Personne, [dit Épicure], ne craint ni ne fuit la volupté en tant que volupté, mais en tant qu'elle attire de grandes douleurs à ceux qui ne savent pas en faire un usage modéré et raisonnable ; et personne n'aime ni ne recherche la douleur comme douleur, mais parce qu'il arrive quelquefois que, par le travail et par la peine, on parvient à jouir d'une grande volupté. En effet, pour descendre jusqu'aux petites choses, qui de vous ne fait point quelque exercice pénible pour en retirer quelque sorte d'utilité ? Et qui pourrait justement blâmer, ou celui qui rechercherait une volupté qui ne pourrait être suivie de rien de fâcheux, ou celui qui éviterait une douleur dont il ne pourrait espérer aucun plaisir?
Au contraire, nous blâmons avec raison et nous croyons dignes de mépris et de haine ceux qui, se laissant corrompre par les attraits d'une volupté présente, ne prévoient pas à combien de maux et de chagrins une passion aveugle les peut exposer. J'en dis autant de ceux qui, par mollesse d'esprit, c'est-à-dire par la crainte de la peine et de la douleur, manquent aux devoirs de la vie. Et il est très facile de rendre raison de ce que j'avance. Car, lorsque nous sommes tout à fait libres, et que rien ne nous empêche de faire ce qui peut nous donner le plus de plaisir, nous pouvons nous livrer entièrement à la volupté et chasser toute sorte de douleur ; mais, dans les temps destinés aux devoirs de la société ou à la nécessité des affaires, souvent il faut faire divorce avec la volupté, et ne se point refuser à la peine. La règle que suit en cela un homme sage, c'est de renoncer à de légères voluptés pour en avoir de plus grandes, et de savoir supporter des douleurs légères pour en éviter de plus fâcheuses. »
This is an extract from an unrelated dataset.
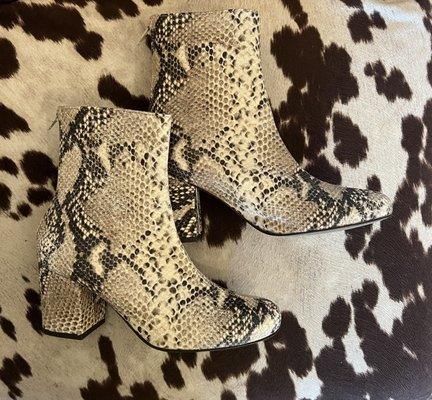 Love printed booties !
(Traduction M. Guyau, 1875)

Il s'agit donc d'un exposé philosophique (en gros, « supporter un petit mal s'il peut entraîner un grand bien et renoncer à un petit bien s'il risque d'entraîner un grand mal ») tout à fait intéressant, qui n'a rien perdu de sa pertinence, et que les nombreux internautes qui l'emploient seraient bien avisés de méditer au lieu de le taxer d' « incompréhensible »!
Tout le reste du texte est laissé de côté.